··· Excerpted records

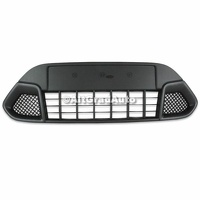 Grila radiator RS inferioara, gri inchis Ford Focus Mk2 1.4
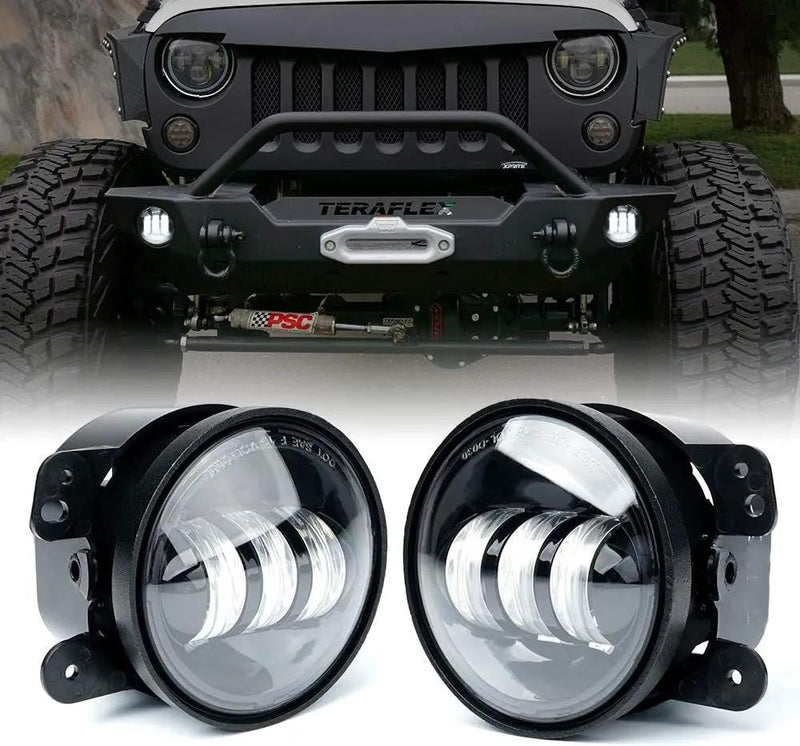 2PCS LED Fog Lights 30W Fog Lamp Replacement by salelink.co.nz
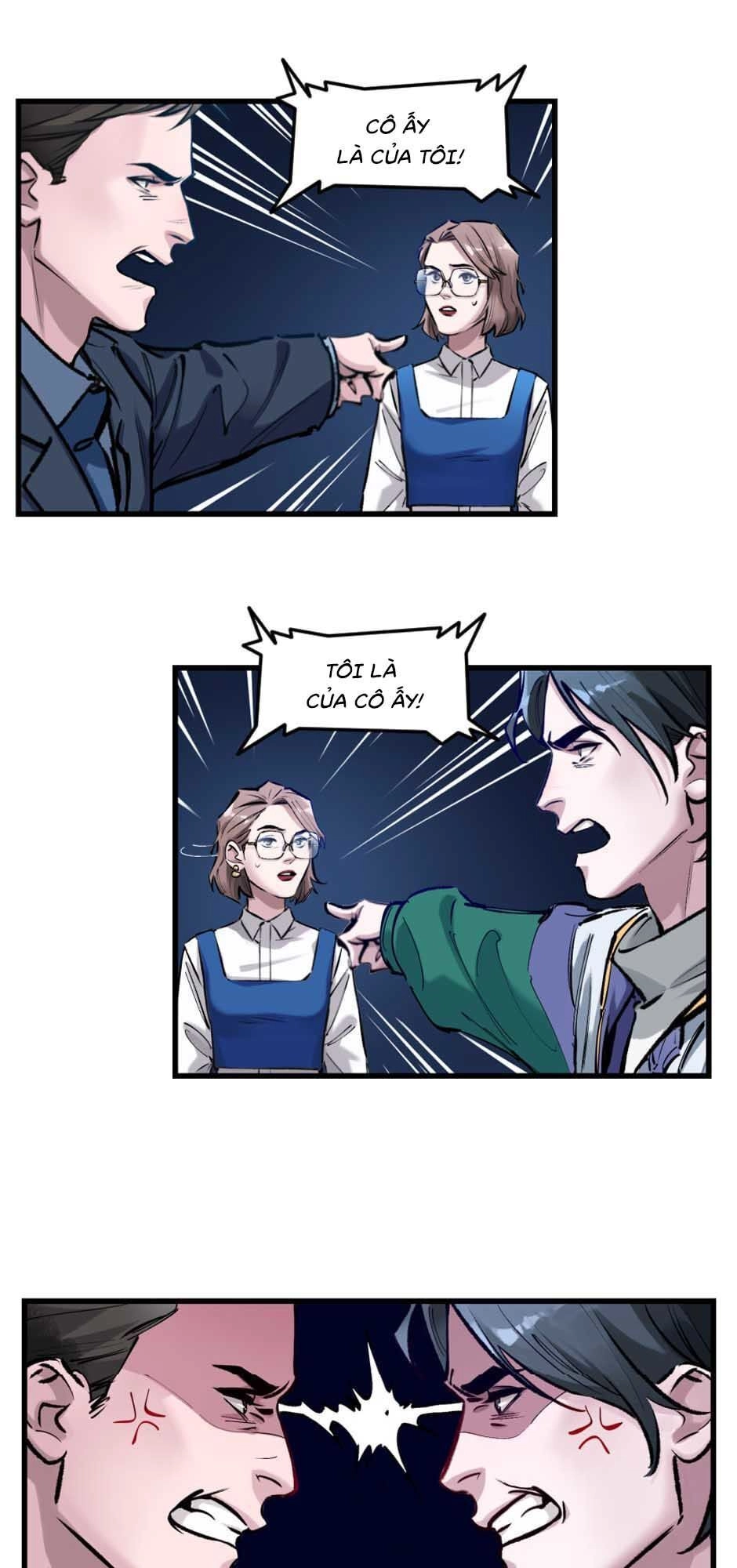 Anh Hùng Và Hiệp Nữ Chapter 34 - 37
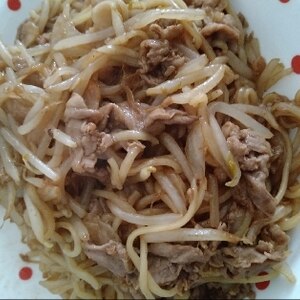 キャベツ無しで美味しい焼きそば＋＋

······
··· Excerpted records

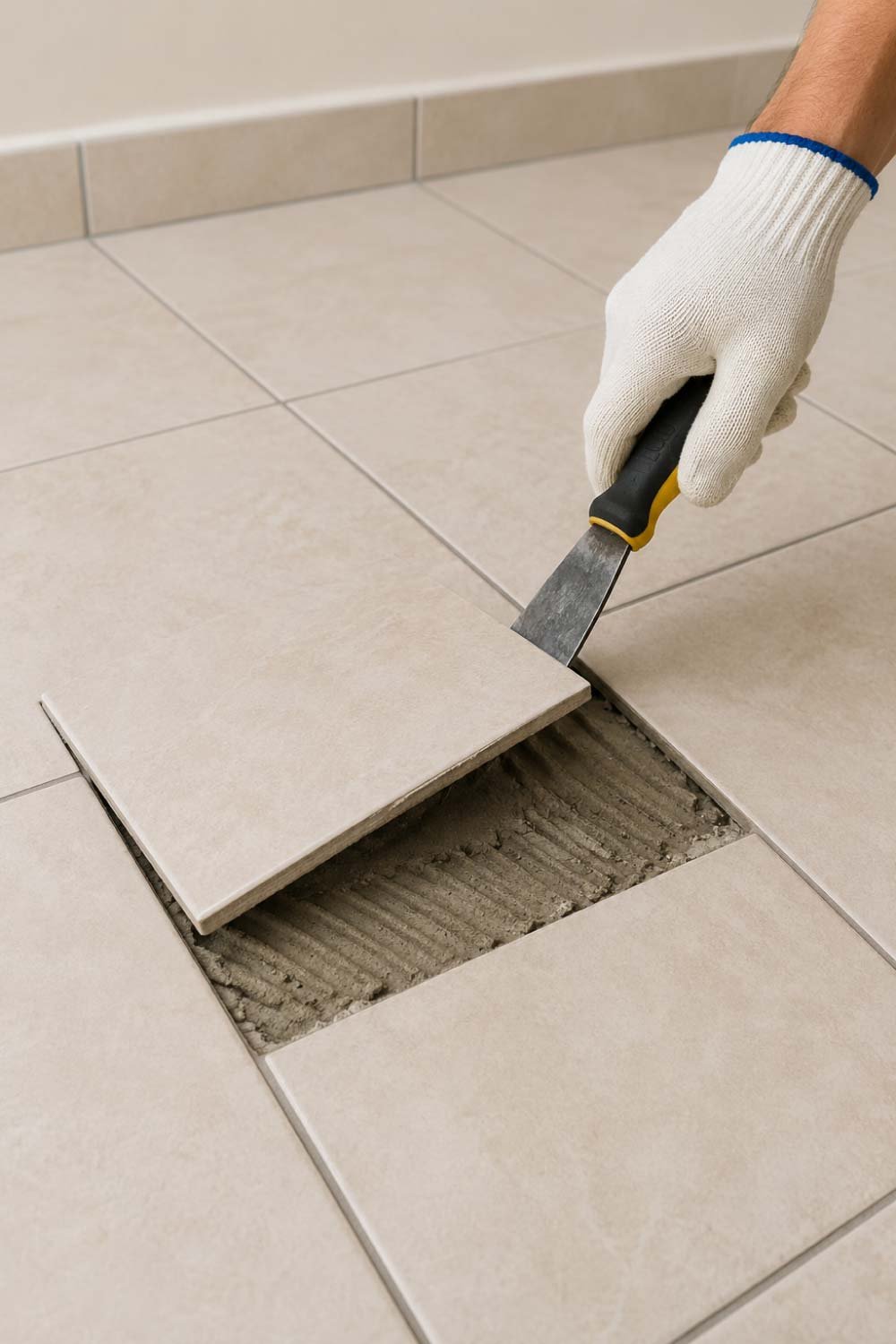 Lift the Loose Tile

······

Required action »
Give exactly the lines above that run from the line with "2PCS LED Fog" to the line with "キャベツ無しで美味しい焼きそば＋＋", both included, leaving every picture out.

Answer box »
 2PCS LED Fog Lights 30W Fog Lamp Replacement by salelink.co.nz
 Anh Hùng Và Hiệp Nữ Chapter 34 - 37
 キャベツ無しで美味しい焼きそば＋＋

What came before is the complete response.